Everyone in America has the right to live in a quality, affordable home in a thriving community. Without real progress on police reform and public safety, all the housing infrastructure money in the world won’t make a difference in the communities that need it the most.
As the courtroom door closed behind a handcuffed Derek Chauvin, my thoughts returned to two personal memories involving the challenges of effective police reform, and the future of the communities NHC and its members serve.

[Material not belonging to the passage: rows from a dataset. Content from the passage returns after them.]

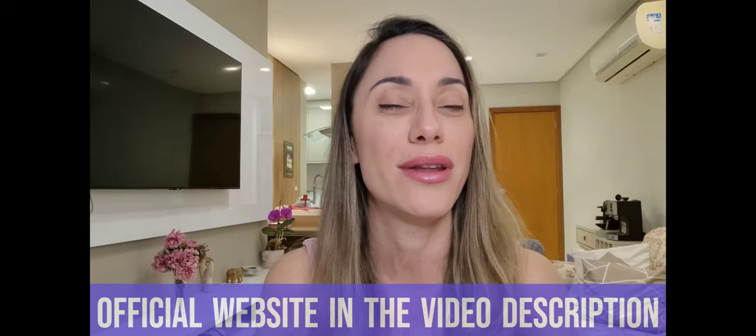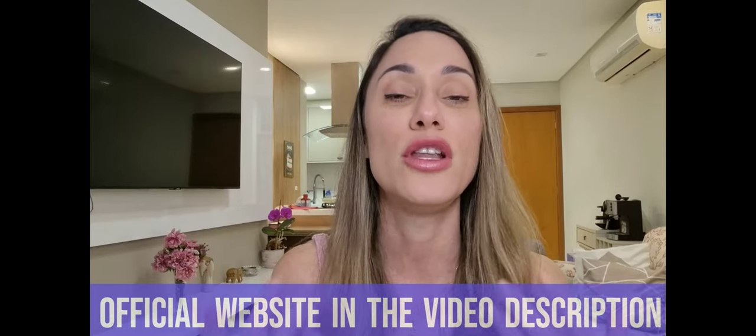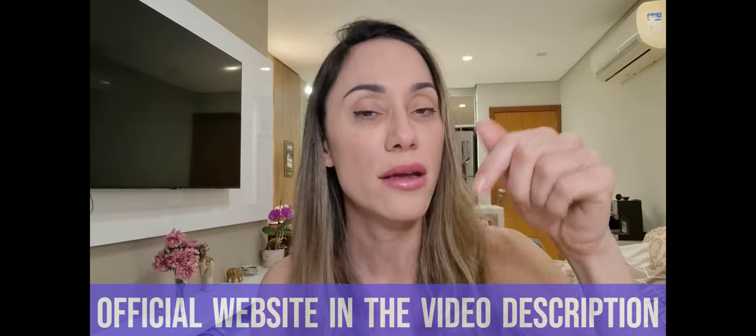I already went ahead and got their official webpage link for you guys and left it right below this video in the description box. If you're looking to purchase the Nagano Lean Body Tonic, go to the official webpage only. If you type up this tonic on the internet, a lot of places selling it will come up, but many are not selling the real deal. When something's not original, it could lead to side effects or no results at all and you just lost your money. So I left the link to the official webpage right here below this video in the description box.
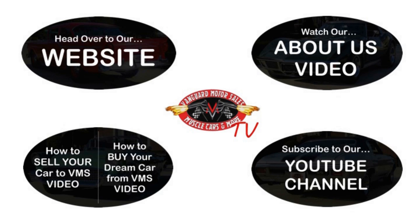We've made it really easy for you. Click on any one of these five pictures here and it'll take you right to whatever you're interested in. We're going to give you about 30 seconds here to click these pictures. If you need more time, just go back in the video and click that picture.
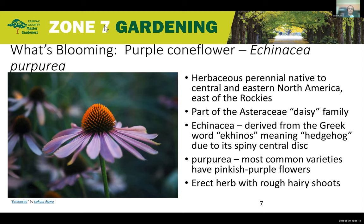Purpurea refers to the fact that most common varieties have pinkish-purple flowers. It's an erect herb growing two to five feet in height with rough, hairy shoots — the stem, the leaves all have light hair, so you can easily make it out. In many ways it's similar to the other native, which is the Black-eyed Susan.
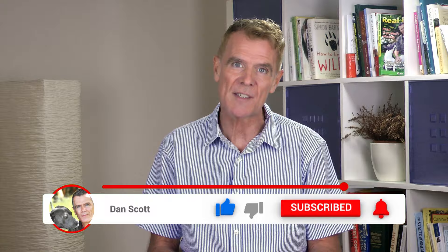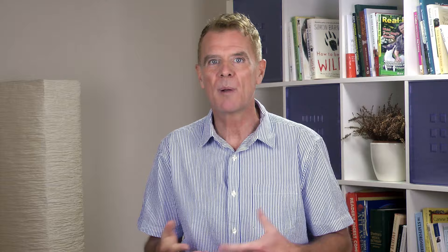Hi, I'm Dan Scott, canine nutrition and home remedy specialist. If you're new here, hit the subscribe button below to stay in touch with all the latest videos that I do, and feel free to comment or ask questions below.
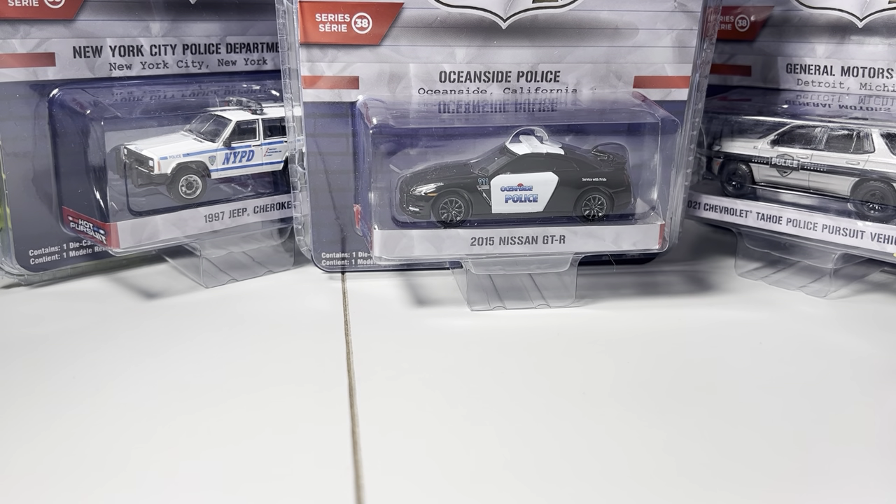Hey everyone, it's ADS DieCast here with another video. Today we're going to be looking at Greenlight Hot Pursuit series number 38.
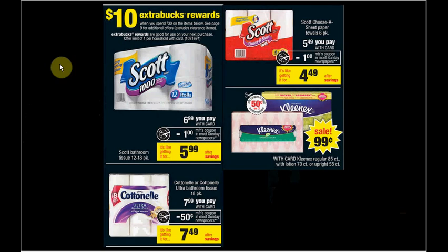If you need paper products, you can get four Scott Choose-A-Sheet paper towels, one Scott bathroom tissue, and three Kleenex tissues with lotion. Use a $4 off six Scott towel rolls from the SmartSource insert of January 12th, a $1 off one Scott bath tissue from the same insert, and a $1 off Kleenex coupon from Hopster.com. You'll pay $25.92 out of pocket and receive $10 ExtraCare Bucks — like getting each item for $1.99 when you buy all eight items.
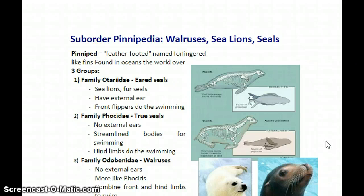So now we're going to look at suborder Pinnipedia. This is the suborder that contains walruses, sea lions, and seals. The name pinniped refers to their flippers. They're called feather-footed because their hind limbs and forelimbs have this kind of feathery-looking appearance to the end of the flipper.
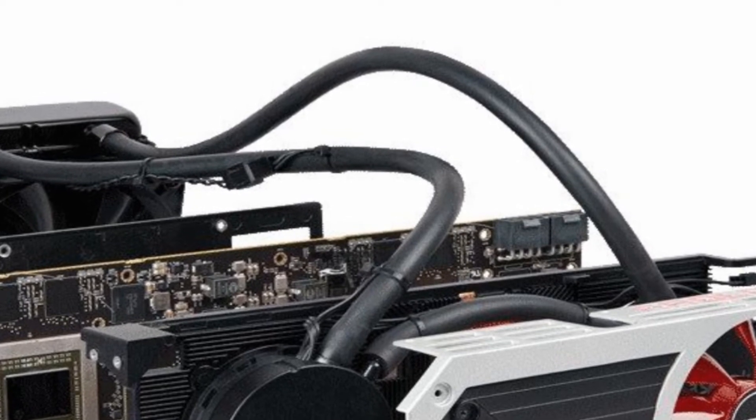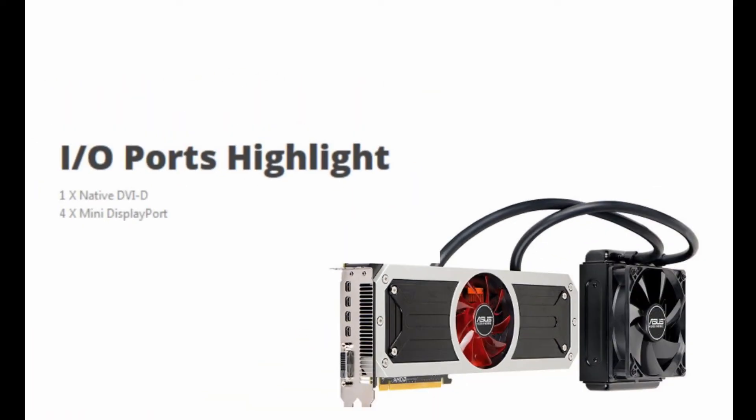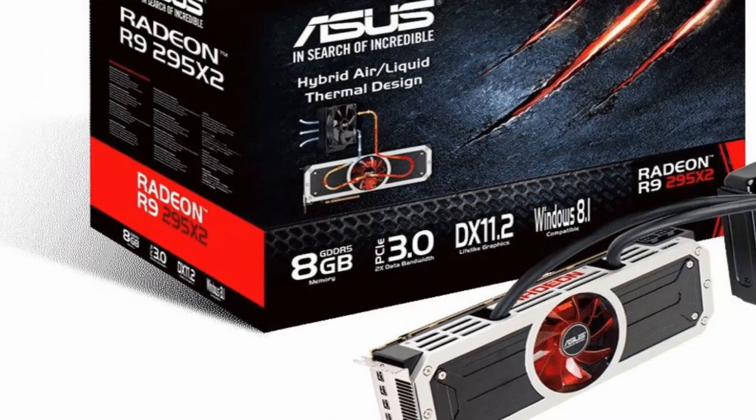The dual GPUs are running at 1018 MHz, ensuring that gameplay is fast and smooth, even when running at the latest 4K ultra-high-definition resolution, up to 3840 x 2160 pixels.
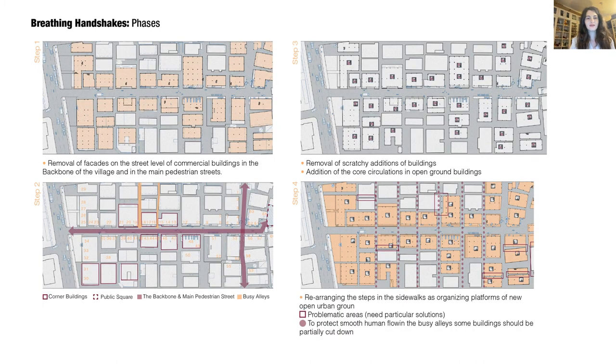As a first step, we will remove the facades on the street level of commercial buildings in the backbone of the village and the main pedestrian streets. Then, an inventory of existing businesses, busy alleys, and corner buildings should be done beforehand. In step 3, ad hoc additions on the ground level like fences and unnecessary wall extensions should be removed, and core circulations should be added or renewed.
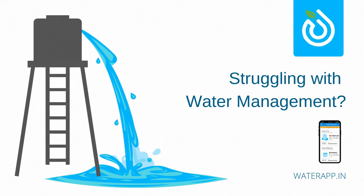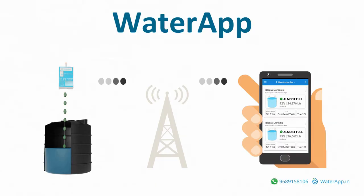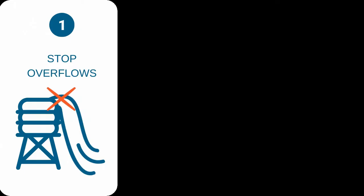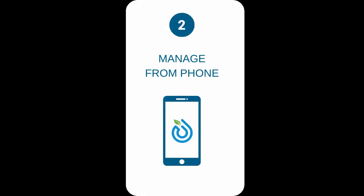Are you struggling with water management? Water App is the perfect solution for you. Water App is India's first technology-based water management solution for housing societies. Water App helps you to stop overflows, manage tanks remotely, and detect abnormal usage of water.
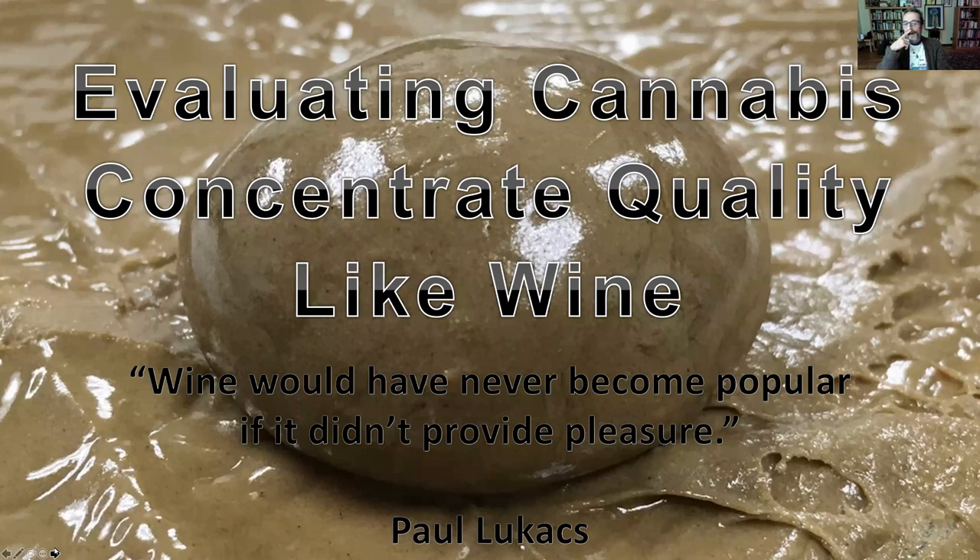I want to quote Paul Lucas, who made a wonderful book on the taste of place about wine. He says that wine would never have become popular if it didn't provide pleasure. You don't drink wine to get drunk — you drink wine for the experience of drinking wine. And that's what happened with cannabis in general, whether it be flower or any type of concentrate. There is pleasure before the actual psychoactive experience. That's where I am now.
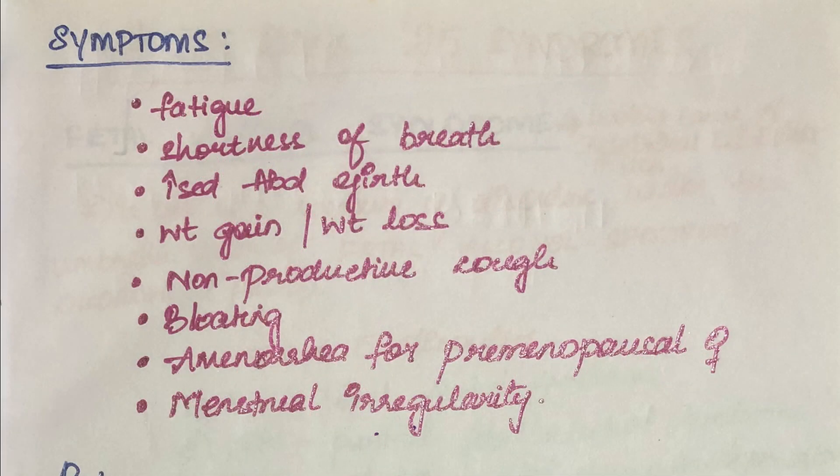Next are the symptoms. The symptoms that are seen mostly are fatigue, shortness of breath, increased abdominal girth, weight gain or weight loss, non-productive cough, bloating, amenorrhea for premenopausal women, and menstrual irregularities.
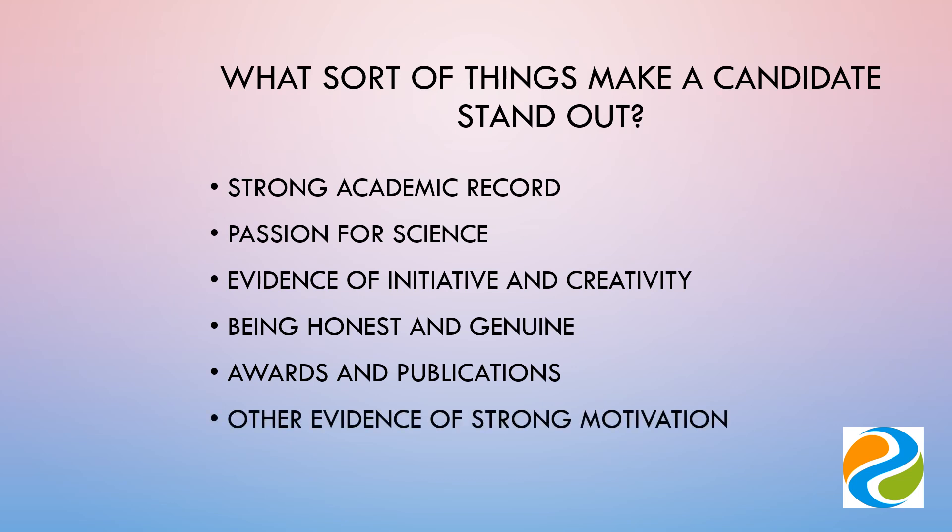Not everyone has the opportunity to carry out research placements or internships during the summer months. Many students need to work to support themselves or have caring responsibilities. Continuing with your studies while also carrying out such work is just as much evidence of motivation as spending the summer in a lab. Don't be shy about including such work — it does you credit.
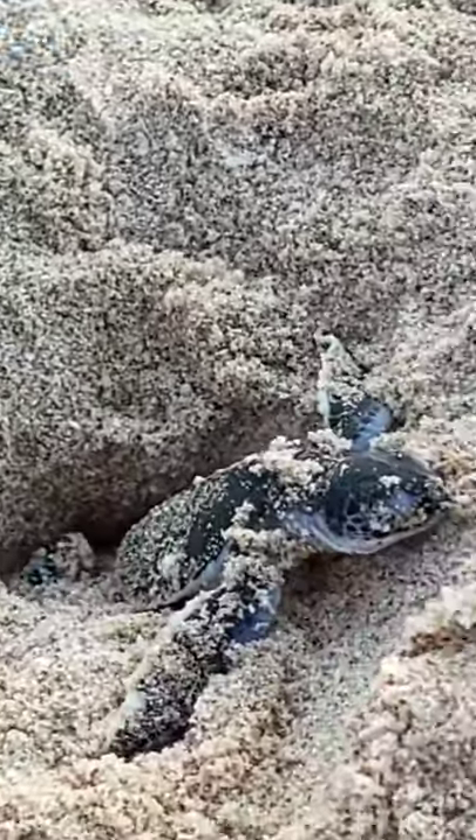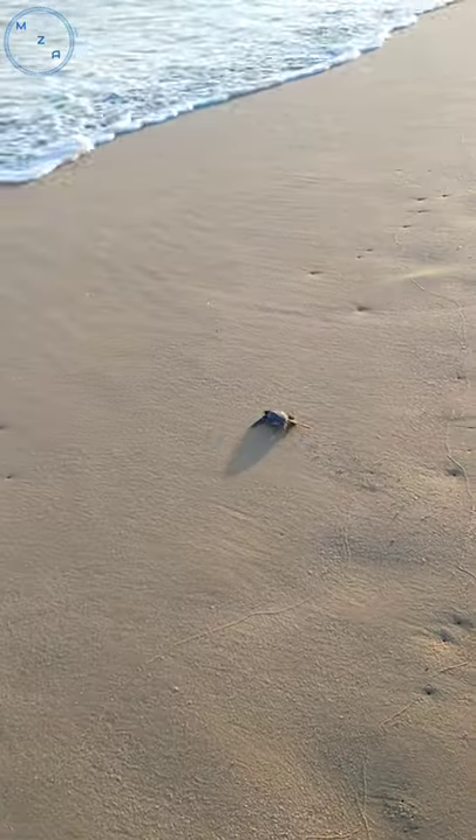When a hatchling reaches the surf, it dives into a wave to reach the sea. Now you will see this little hatchling going towards the wave.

The first took place in a dark, narrow staircase of a Detroit duplex in 1984, crowded with undercover police in blue body armor. I was a 22-year-old reporter on a ride-along with the Detroit Police Department. At the top of the stairs was a double-barred steel door. The heavily armed cops lunged at it a dozen times with a battering ram and burst into the apartment. A sawed-off shotgun lay on the floor just inside the doorway. The suspects were frantically feeding thousands of dollars of heroin into the toilet. The cops beat them with the shotgun and used crowbars to pull out the electrical outlets and light sockets throughout the unit. It would never be used to sell drugs – or for anything else – again.
An enraged crowd gathered outside. Raids like these were the only time they saw the police. Otherwise, the residents of the neighborhood were on their own. By the next day, the drug dealers would take over some other house in the neighborhood. The one left behind would rot, driving property values even lower. The idea that the city could build and sustain a sense of community, while enforcing the law, would continue to decline for decades.
Nearly 30 years later, I was part of a team sent by President Barack Obama to help the city deal with its bankruptcy and support its recovery. The request of its new police chief, James Craig was concise: body armor, squad cars and freedom from a Justice Department consent decree that he said cost $100,000 a month and had achieved its purpose. But Detroit still had more murders than Los Angeles, a city six times as large, devastating communities across the city. More work lay ahead.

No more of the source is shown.